▸ **Data segment**
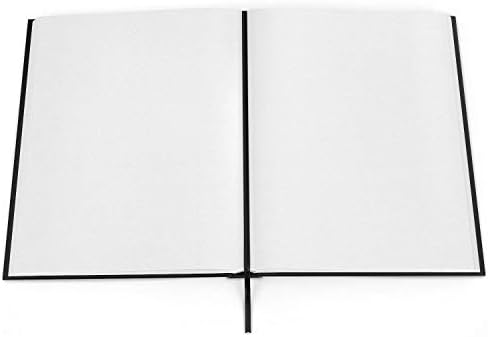 Esboços de capa dura Arteza, pacote de 2, 8,5 x 11 polegadas, almofadas de desenho de 100 folhas, papel de 80 lb/130gsm, suprimentos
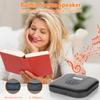CD Player Portable, MONODEAL Bluetooth CD Player with Speakers and FM Transmitter, Rechargeable 1800mAh Player for Car and Home with LED Screen view 4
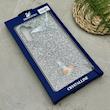 قاب گوشی Galaxy A24 سامسونگ نگین دار سواروسکی SWAROVSKI پلاک فلزی نقره ای کد 151304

▸ **Requirement**
Everything in the listing except the pictures must come back exactly as written.

▸ **Solution for this problem**
 Esboços de capa dura Arteza, pacote de 2, 8,5 x 11 polegadas, almofadas de desenho de 100 folhas, papel de 80 lb/130gsm, suprimentos
CD Player Portable, MONODEAL Bluetooth CD Player with Speakers and FM Transmitter, Rechargeable 1800mAh Player for Car and Home with LED Screen view 4
 قاب گوشی Galaxy A24 سامسونگ نگین دار سواروسکی SWAROVSKI پلاک فلزی نقره ای کد 151304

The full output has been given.